For different reasons, it will have a decidedly new look in 2019.

All-American safety Taylor Rapp on Wednesday morning announced plans to skip his senior season and declare for the NFL draft, and fellow defensive backs Byron Murphy and Myles Bryant are known to be mulling whether to do the same.

Murphy, as a third-year sophomore, is eligible to enter the 2019 draft, and he received a second-round grade from the NFL College Advisory Committee. Bryant, at 5-feet-8, isn’t the archetype for an NFL defensive back, but he’s a sure tackler — as good as the Huskies have — who could benefit from the rising popularity of nickelbacks in the NFL.

If they do follow Rapp out the door, the Huskies would lose 10 regular starters from a unit that ranked as the Pac-12’s No. 1 scoring defense for the fourth year in a row.

The defensive line graduates three seniors who had a combined 33 starts this season: Greg Gaines, Shane Bowman and Jaylen Johnson.

At linebacker, Ben Burr-Kirven and Tevis Bartlett are graduating, and the secondary graduates cornerback Jordan Miller and safety JoJo McIntosh.

The good news is the Huskies have recruited well on defense in recent classes — particularly in the secondary and at defensive tackle — and the standards for Washington’s defense won’t change going into UW’s 2019 season opener against Eastern Washington.

“I’m not worried about anything,” Miller said, looking ahead to the 2019 defense. “Kyler, Dom, Julius, Elijah, KT — all of them are ballers. All of them are going to have all the accolades. I’m excited for all of them.”

Senior QB Jake Browning has practiced against future NFL defensive players throughout his UW career, and he said the up-and-coming defensive backs are “NFL guys too.”

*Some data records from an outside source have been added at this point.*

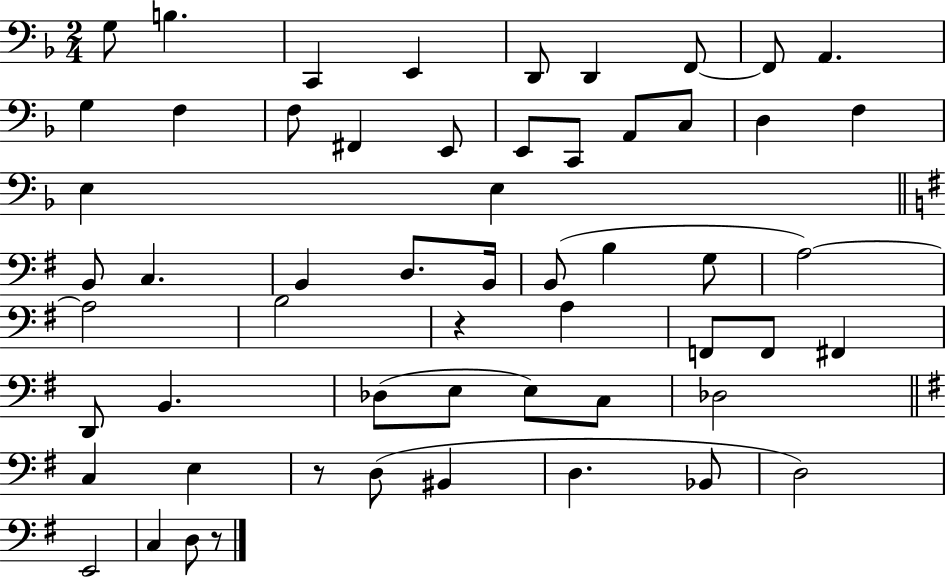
X:1
T:Untitled
M:2/4
L:1/4
K:F
G,/2 B, C,, E,, D,,/2 D,, F,,/2 F,,/2 A,, G, F, F,/2 ^F,, E,,/2 E,,/2 C,,/2 A,,/2 C,/2 D, F, E, E, B,,/2 C, B,, D,/2 B,,/4 B,,/2 B, G,/2 A,2 A,2 B,2 z A, F,,/2 F,,/2 ^F,, D,,/2 B,, _D,/2 E,/2 E,/2 C,/2 _D,2 C, E, z/2 D,/2 ^B,, D, _B,,/2 D,2 E,,2 C, D,/2 z/2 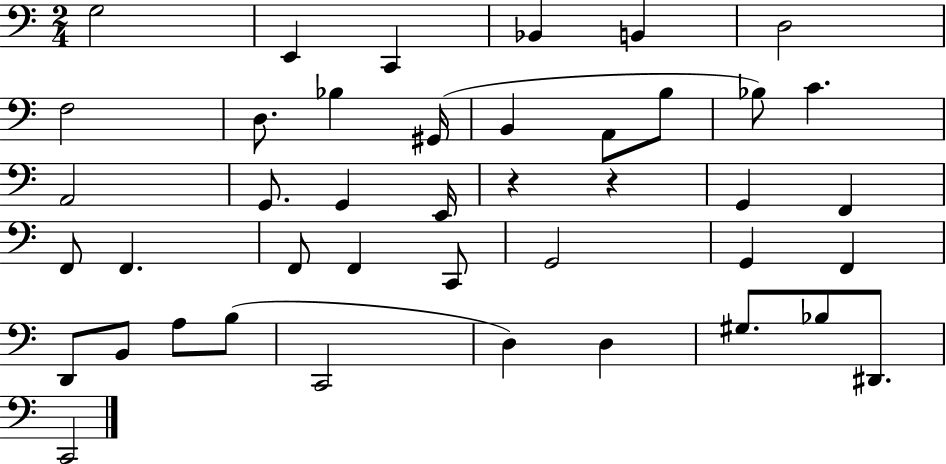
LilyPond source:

{
  \clef bass
  \numericTimeSignature
  \time 2/4
  \key c \major
  g2 | e,4 c,4 | bes,4 b,4 | d2 | \break f2 | d8. bes4 gis,16( | b,4 a,8 b8 | bes8) c'4. | \break a,2 | g,8. g,4 e,16 | r4 r4 | g,4 f,4 | \break f,8 f,4. | f,8 f,4 c,8 | g,2 | g,4 f,4 | \break d,8 b,8 a8 b8( | c,2 | d4) d4 | gis8. bes8 dis,8. | \break c,2 | \bar "|."
}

Notably, there’s juniors-to-be Keith Taylor, Elijah Molden and Brandon McKinney, who made his first career start against Ohio State in the Rose Bowl in Rapp’s place. And then there’s the young defensive backs who redshirted in 2018: Kyler Gordon, Dom Hampton and Julius Irvin.

The Huskies had a similar mass exodus of NFL talent after the 2014 season — with Danny Shelton, Hau’oli Kikaha, John Timu, Shaq Thompson and Marcus Peters all moving on to the pros — and expectations were modest going into the next season.

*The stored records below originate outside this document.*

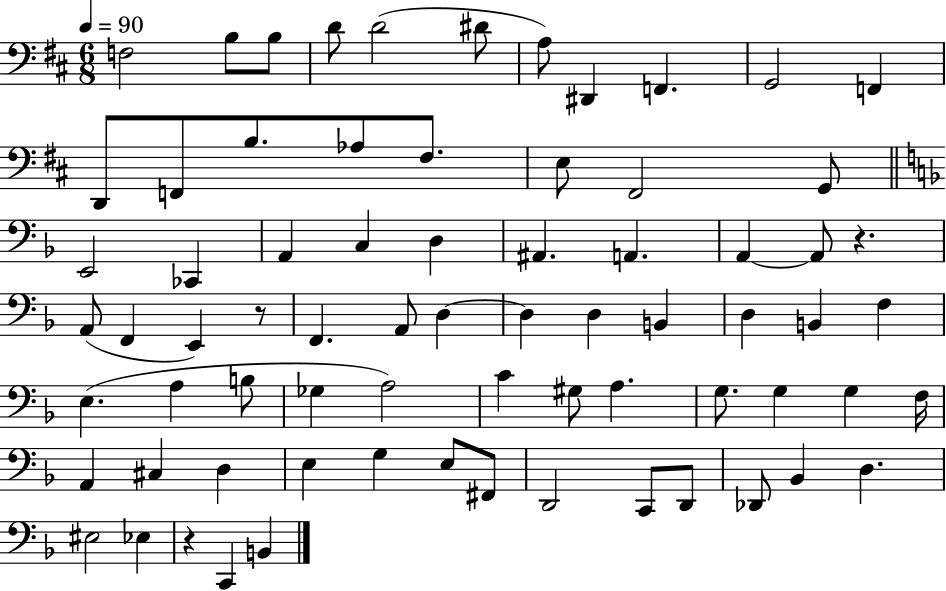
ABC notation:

X:1
T:Untitled
M:6/8
L:1/4
K:D
F,2 B,/2 B,/2 D/2 D2 ^D/2 A,/2 ^D,, F,, G,,2 F,, D,,/2 F,,/2 B,/2 _A,/2 ^F,/2 E,/2 ^F,,2 G,,/2 E,,2 _C,, A,, C, D, ^A,, A,, A,, A,,/2 z A,,/2 F,, E,, z/2 F,, A,,/2 D, D, D, B,, D, B,, F, E, A, B,/2 _G, A,2 C ^G,/2 A, G,/2 G, G, F,/4 A,, ^C, D, E, G, E,/2 ^F,,/2 D,,2 C,,/2 D,,/2 _D,,/2 _B,, D, ^E,2 _E, z C,, B,, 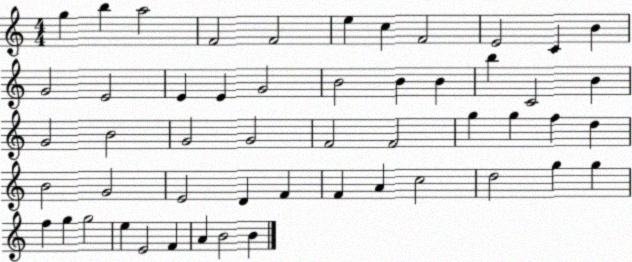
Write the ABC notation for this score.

X:1
T:Untitled
M:4/4
L:1/4
K:C
g b a2 F2 F2 e c F2 E2 C B G2 E2 E E G2 B2 B B b C2 B G2 B2 G2 G2 F2 F2 g g f d B2 G2 E2 D F F A c2 d2 g g f g g2 e E2 F A B2 B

The results in 2015 far exceeded those as the Huskies led the Pac-12 in scoring defense that year at 18.8 points per game. The veteran defense led the Pac-12 again this season at 16.4 points per game.

“We like to say taking the flag. So guys will always leave every year, but the next guy is always ready,” McIntosh said. “We’ve got some freshmen right now that could play today if they wanted. We always got guys. Coach (Jimmy) Lake does a good job of recruiting good guys that are ready to play. I think we do a really good job of just filling in.”

Second-half turnaround

Ohio State needed just 2 minutes, 2 seconds to march 80 yards to take a 28-3 lead on its first possession of the third quarter Tuesday, and the Rose Bowl appeared headed toward runaway-train territory.

Then the Huskies defense settled in.

Playing without Rapp (hip), the Huskies allowed three passing touchdowns to Dwayne Haskins and the Buckeyes, the most a UW defense has surrendered since Eastern Washington’s Vernon Adams threw seven in September 2014, Chris Petersen’s second game as UW’s coach.

But after Ohio State’s third-quarter touchdown, the Huskies allowed only one first down and 17 yards combined in the Buckeyes’ next five series, forcing a punt each time.

The nation’s second-ranked offense coming into the game, Ohio State finished with 364 total yards — 272 of those in the first half — its second fewest in any game this season.

“We just started playing the way we always play. That’s all there really is to it,” said Burr-Kirven, the Huskies’ All-American middle linebacker. “We didn’t change any of the calls we were making. Didn’t change any of that. We just started making plays and guys started playing the way they were capable of. You saw the little things that were getting by us in the first half stopped happening.”